(Input data begins)

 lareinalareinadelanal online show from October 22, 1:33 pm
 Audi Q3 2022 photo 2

(Input data ends)
(Input data begins)

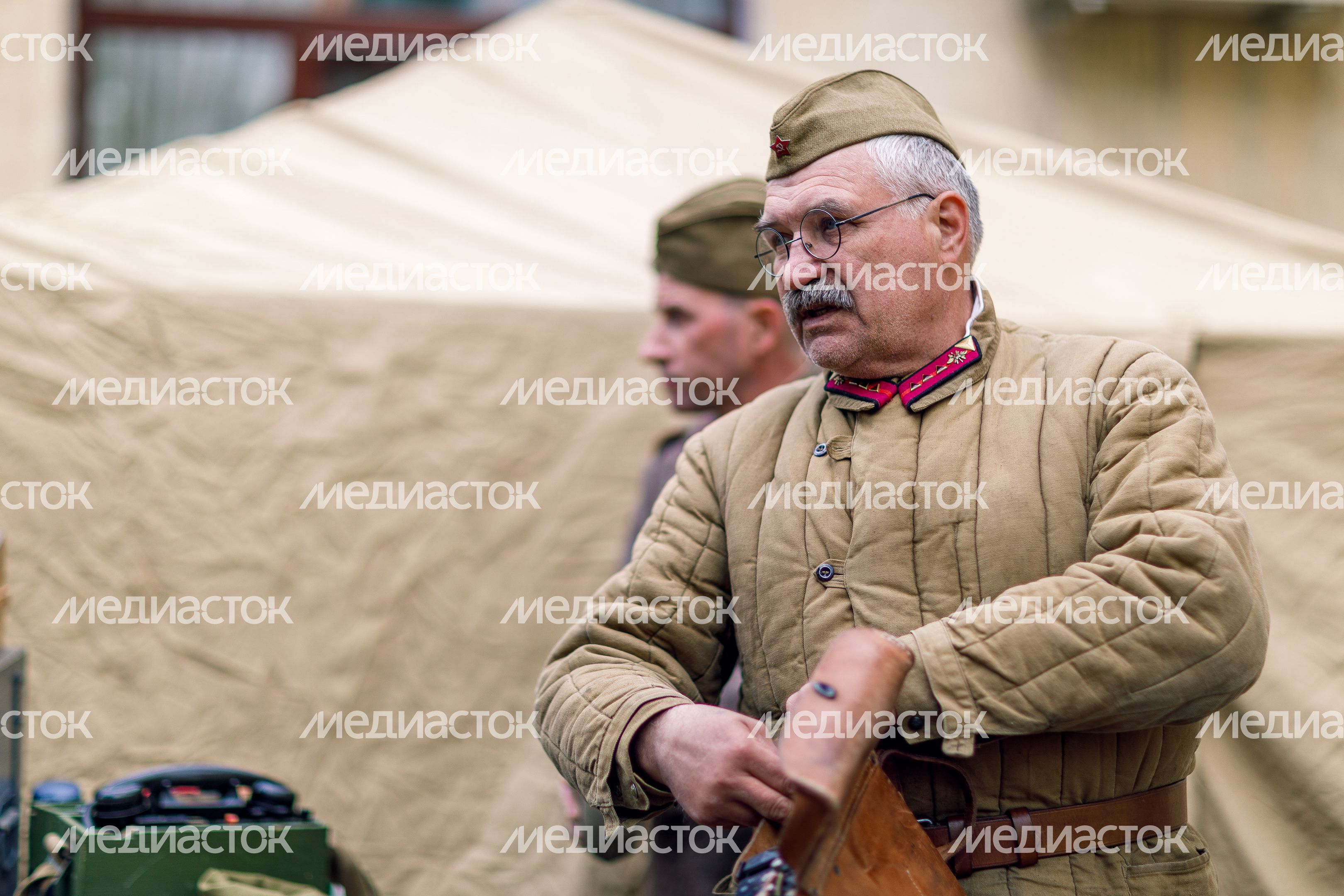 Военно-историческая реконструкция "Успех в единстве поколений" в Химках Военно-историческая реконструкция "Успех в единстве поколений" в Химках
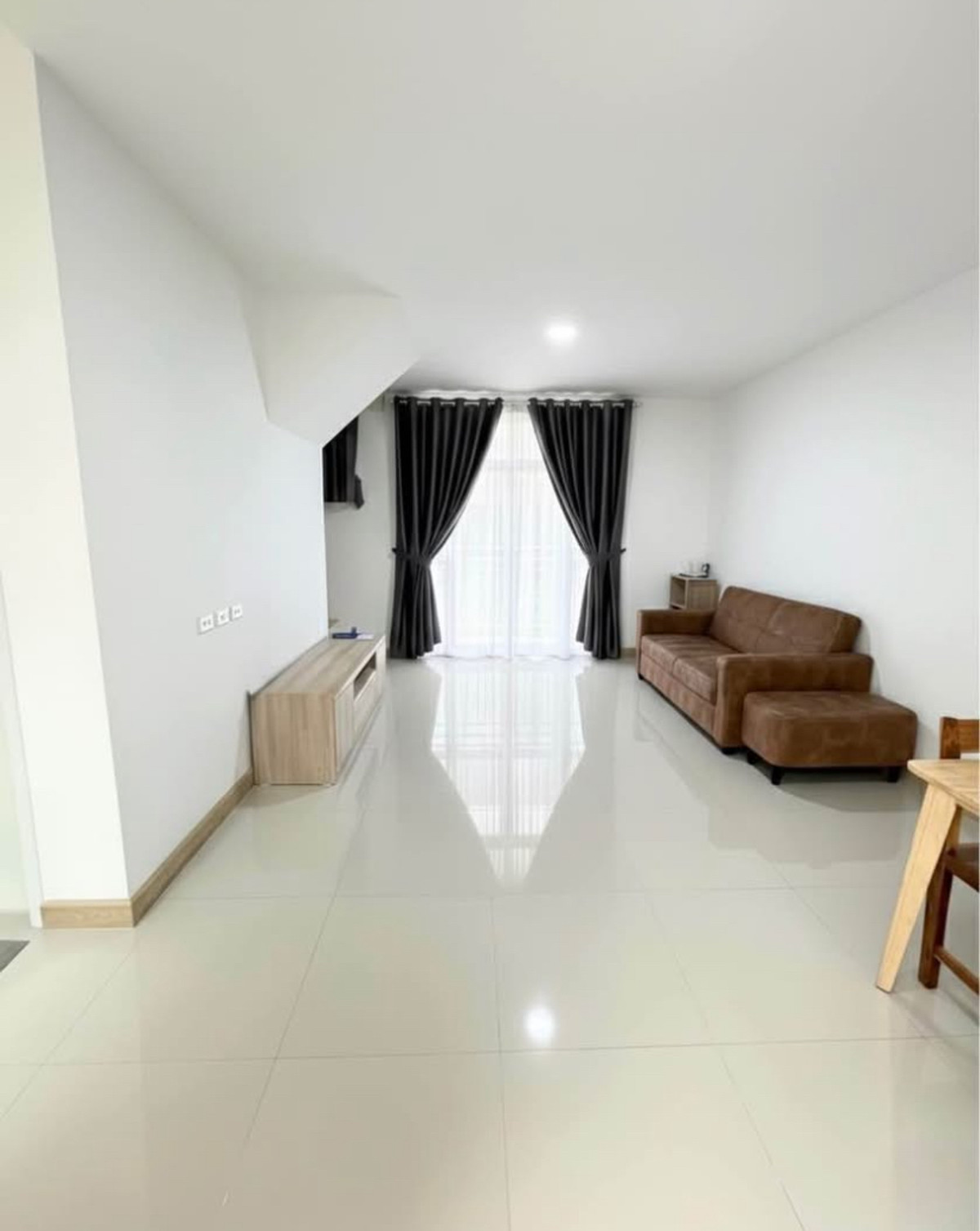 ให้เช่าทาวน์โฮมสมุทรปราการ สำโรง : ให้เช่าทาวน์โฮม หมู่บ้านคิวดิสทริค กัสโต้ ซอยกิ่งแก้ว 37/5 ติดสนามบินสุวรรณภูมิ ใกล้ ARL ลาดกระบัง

(Input data ends)

• **Task requirements**: In the listing above, find the line containing "в Химках Военно-историческая" and the line containing "ให้เช่าทาวน์โฮมสมุทรปราการ สำโรง : ให้เช่าทาวน์โฮม"; print those lines and every line between them exactly, leaving out pictures.

• **Result**:
 Военно-историческая реконструкция "Успех в единстве поколений" в Химках Военно-историческая реконструкция "Успех в единстве поколений" в Химках
 ให้เช่าทาวน์โฮมสมุทรปราการ สำโรง : ให้เช่าทาวน์โฮม หมู่บ้านคิวดิสทริค กัสโต้ ซอยกิ่งแก้ว 37/5 ติดสนามบินสุวรรณภูมิ ใกล้ ARL ลาดกระบัง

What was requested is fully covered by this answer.